## COLLECTED MATERIAL
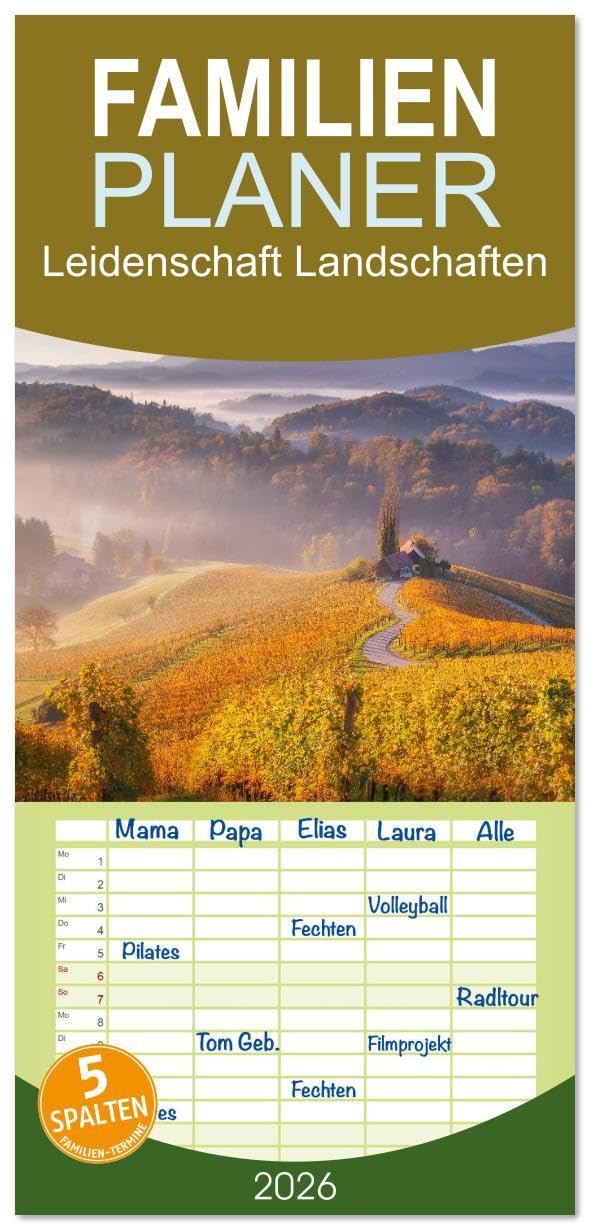 Familienplaner 2026 - Leidenschaft Landschaften mit 5 Spalten (Wandkalender, 21 x 45 cm) CALVENDO: Traumhaft schöne Landschaften in ihrer vollsten Pracht (CALVENDO Natur) Leisure, Home & Garden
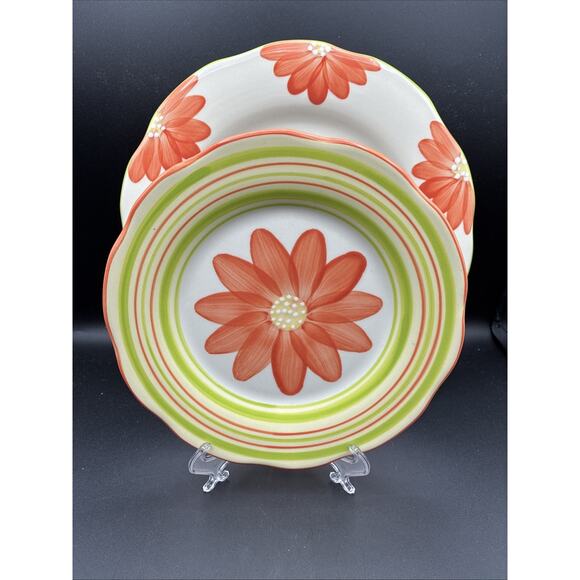 Harry & David Decorative Flower Plates 2-Dinner & 2-Salad Hand Painted Portugal - Picture 8 of 8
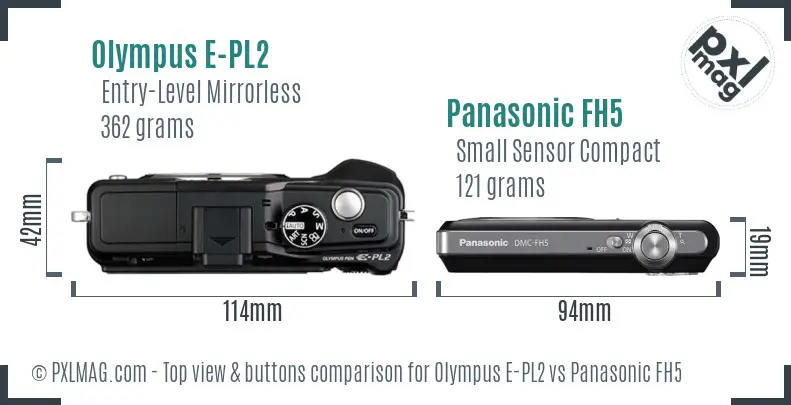Olympus E-PL2 vs Panasonic FH5 top view buttons comparison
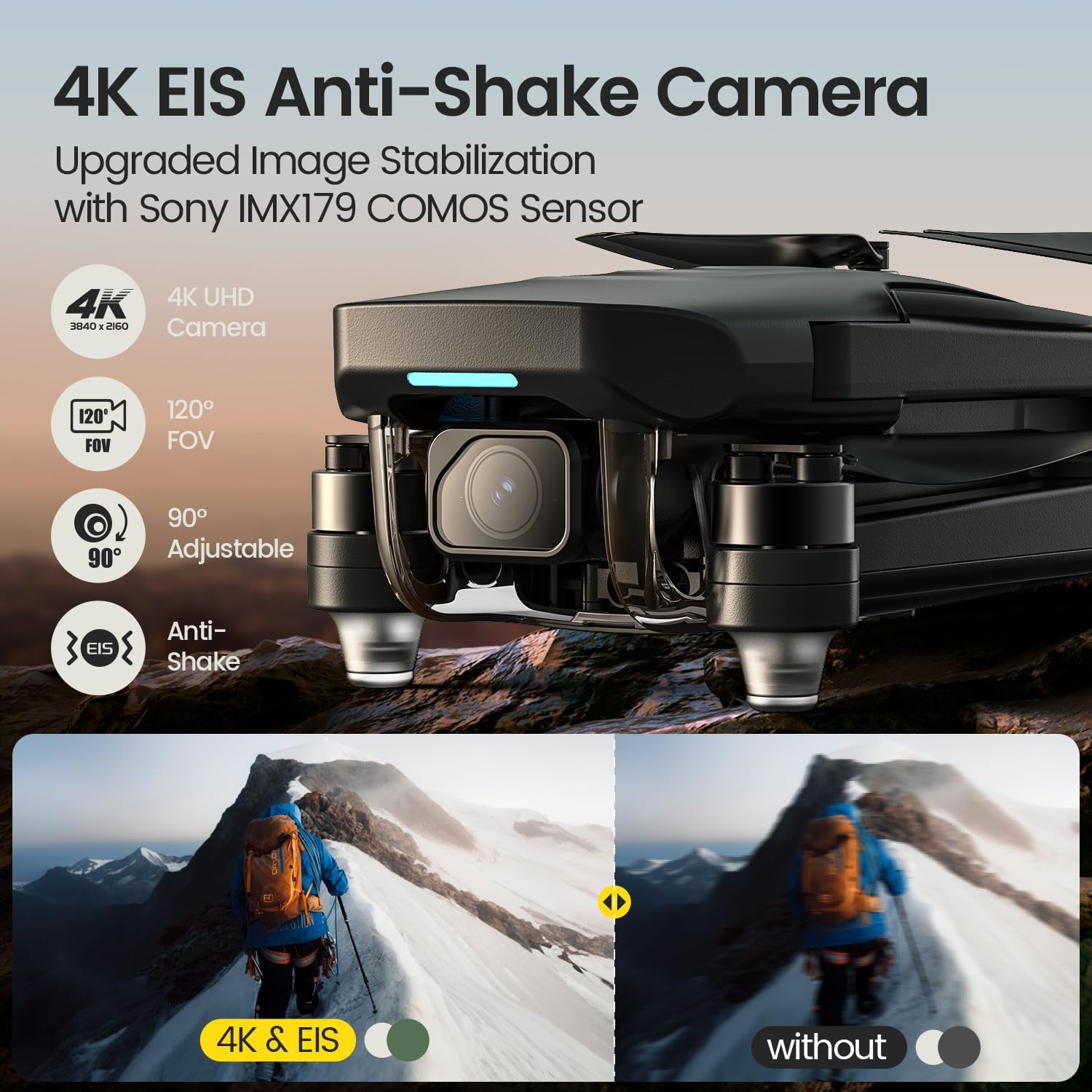 Holy Stone HS175G GPS Drone with 4K EIS Camera, 60 Mins Flight Time, Brushless Motor, Tap Fly, Auto Return, Follow Me, 249g Foldable Drone, Upgraded HS175D, Available in US/CA/UK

## TASK TO COMPLETE
Take the line with "Olympus E-PL2 vs" and each line after it through the end of the material above, and reproduce them exactly, both ends included, without pictures.

## EXERCISE RESULT
Olympus E-PL2 vs Panasonic FH5 top view buttons comparison
 Holy Stone HS175G GPS Drone with 4K EIS Camera, 60 Mins Flight Time, Brushless Motor, Tap Fly, Auto Return, Follow Me, 249g Foldable Drone, Upgraded HS175D, Available in US/CA/UK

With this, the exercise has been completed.